We're at an interesting time right now in terms of "leadership" and "responsibility" in our communities. We need immediate and collective action on changing behaviours and assumptions about how live in our corners of paradise. Traditional forms are slow to respond and awkward. At the same time, we have communications tools that enable rapid exchange and development of ideas, knowledge, and action: the extension of word-of-mouth that is "social media."

It's not magic. It's just a conversation. With the help of YouTube, Facebook, blogs, Twitter, etc we're able to sit around a "campfire" with our friends and acquaintances. We swap stories and anecdotes, we share pictures of family adventures, talk about our passions – and concerns. But we get to do it across huge gaps in space/time. I take part in "conversations" that span hours or days, and bridge tens or thousands of miles. It's word of mouth to the power of 10. When I hear through people I know and trust that they're taking action on climate change because they're connected to someone on the Maldives whose island is sinking... well, it means more to me than if I watch it on TV. Is word of mouth more reliable than the network news station? In my guts, yes. And it's in my guts that real change starts to take place.

Our little Comox Valley project is about building a campfire conversation about sustainability in our community. We're using video and audio interviews, posted all over the 'net. We came up with a simple, replicable process. We encourage people to pick it up and play. As they pick it up, do their own interviews, tag them (so all of us can find them and participate in them), and post them online they're making it a bigger, more inclusive campfire convo.

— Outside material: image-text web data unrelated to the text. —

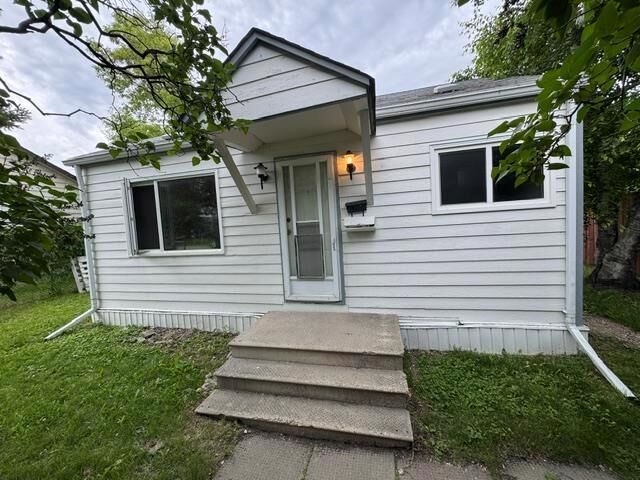 Property Photo:  729 Martin Avenue  MB R2L 0Z9 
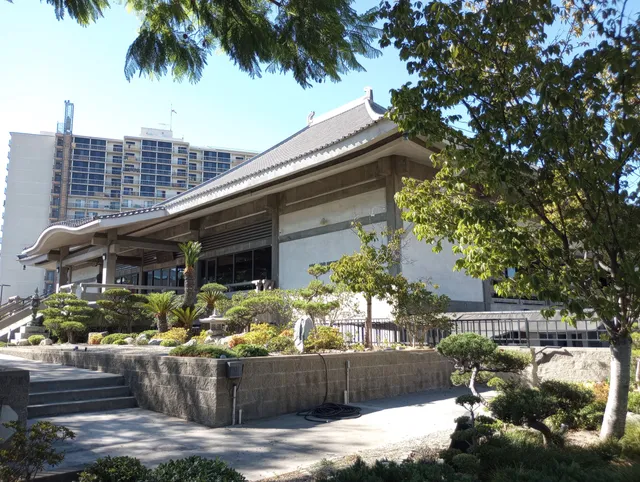 Higashi Honganji Buddhist Temple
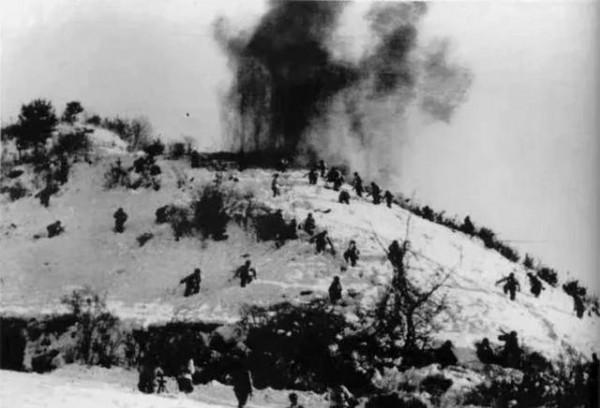 上甘嶺戰役過後，美軍總指揮範弗裡特，為何被美國國會質詢？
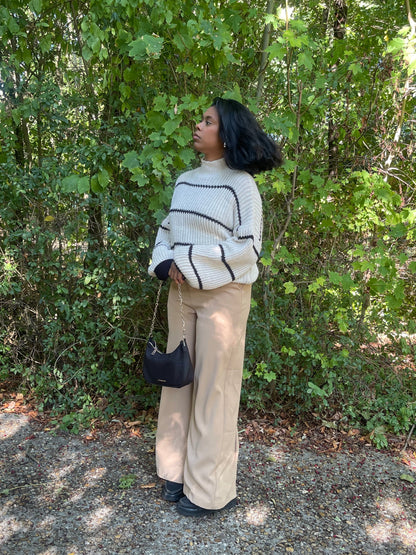 Pull col roulé beige à rayures noires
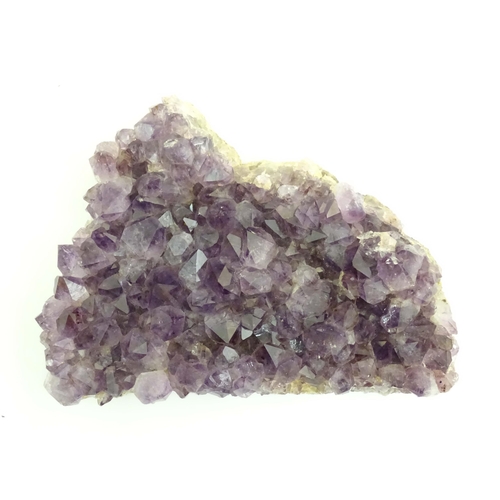 1063 - Natural History / Geology Interest: An amethyst specimen. Approx. 2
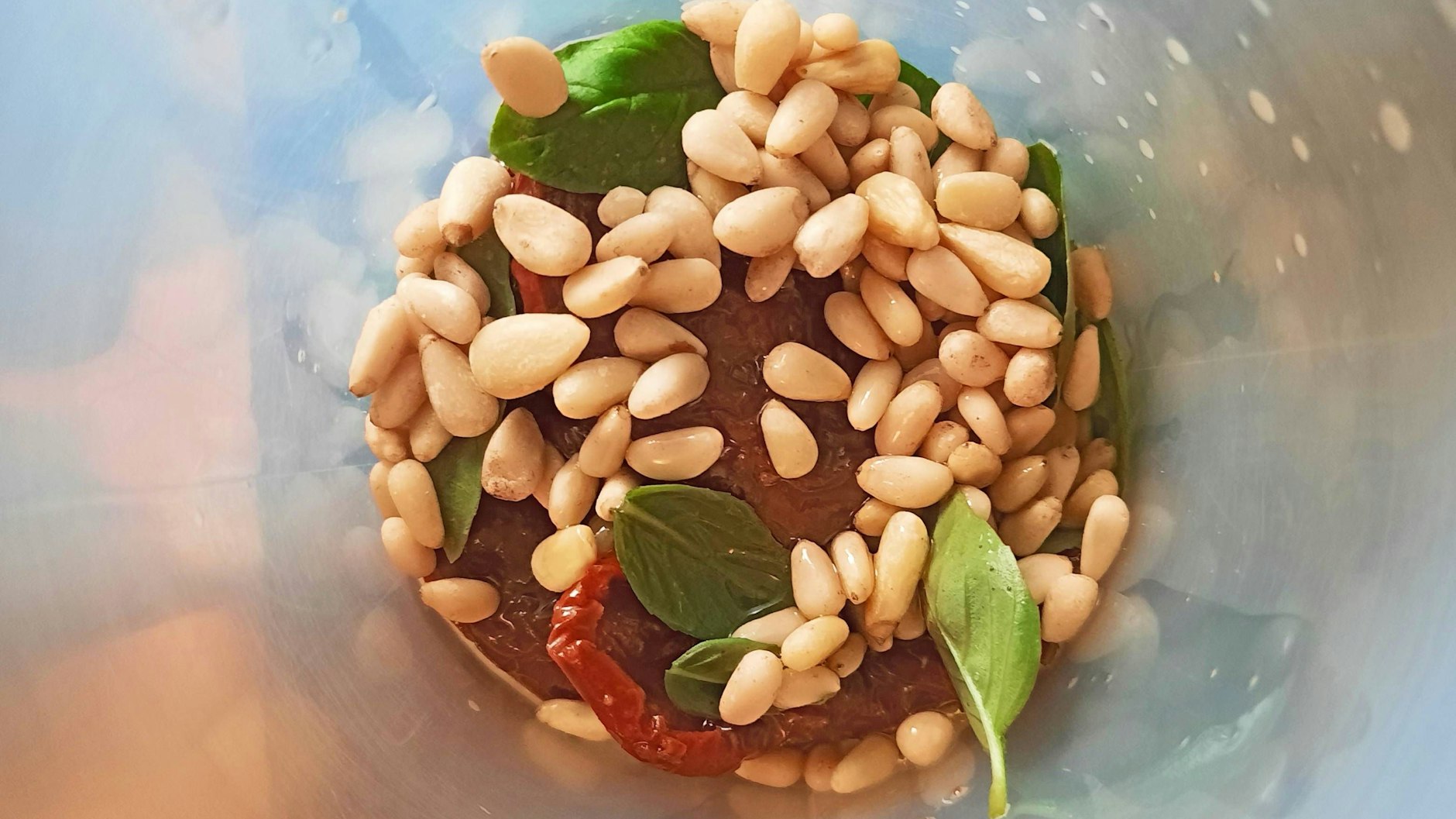 Pinienkerne, Knoblauch, Basilikum und getrocknete Tomaten werden mit Olivenöl, Zitronensaft, Kräutern und Gewürzen zu einem leckeren Pesto Rosso.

There is no end-point to what "sustainability" is or means to any one of us our community. We talk about it, or various aspects of it. We do some things. We learn a few things. And then we talk and do and learn some more. We move towards a better, more wholistic relationship to the ecological systems on which our lives, our families, and our communities depend. We become more resilient and responsive as we participate in the conversation. As we take into our guts what those we know, love, and trust tell us is important to them. That's how we figure out what is right to do, and what is right to do now.

Thanks Gene Miller, to you and your crew. The campfire you lit several years ago with the first Gaining Ground summit is a good fire. And with over 600 of us taking embers from this year's event, I'm imagining many campfire convos all around the province, sparked by the ideas, knowledge, and connections generated by #GGRC09. I'm imagining that these conversations will lead to myriad and diverse actions and changes, all of it helping us "gain ground" on the sustainability project we all need to be working on. 

My take-away from Resilient Cities? To extend the convo about sustainability from the GGRC09 campfire circle to the campfire circle called home, to make our fire burn brightly, inspiring many voices – and many actions, large and small!